Hegel and Plato
Hegel (Georg Wilhelm Friedrich Hegel, 1770-1831), the most prominent proponent of German Idealism, was exceptional also for the importance he placed on ancient philosophy, studying it with genuine and substantial interest. His engagement with Plato’s oeuvre was continuous, and is reflected both in his systematic works (The Phenomenology of Spirit, 1807, The Science of Logic, 1812-16, The Encyclopedia of the Philosophical Sciences in Outline, 1817) and his famous Lectures on the History of Philosophy of his Berlin period (1819-1830). His initial interest about a series of Platonic issues gradually became focused on Plato's late dialogues, especially the dialectic ontology of the Ideas introduced there.
Rejecting the view that the Ideas are situated in an unreal Beyond, Hegel argued that they constitute the “result” of human mental activity, and thus are largely identified with what Hegel described as “concept”. Plato’s dialectic is approached as a rough model of Hegel's own dialectic, which he proclaims to be the sole true method – without sharing the view that it needs to be developed dialogically.
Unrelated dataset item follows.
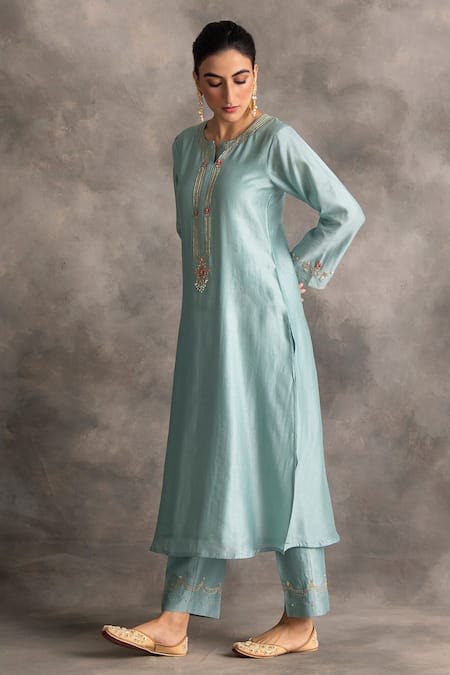 Anantaa By Roohi_Blue Silk Chanderi Round Kurta _Online_at_Aza_Fashions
While in Plato oppositions are expressed through a number of interlocutors participating in actual dialogues, in Hegel these become contradictions inherent in reality itself.
In Hegel’s reception of Plato’s work, the dialogues Parmenides and the Sophist hold a prominent place; he also has great respect for the Republic, which he believes conveys not a utopian ideal, but the true nature of ancient Greek political “ethical order” (Sittlichkeit). There, the problem of justice can apparently be solved only in the context of an organized state – this is a view that Hegel will adopt and further expand on in his Philosophy of Right.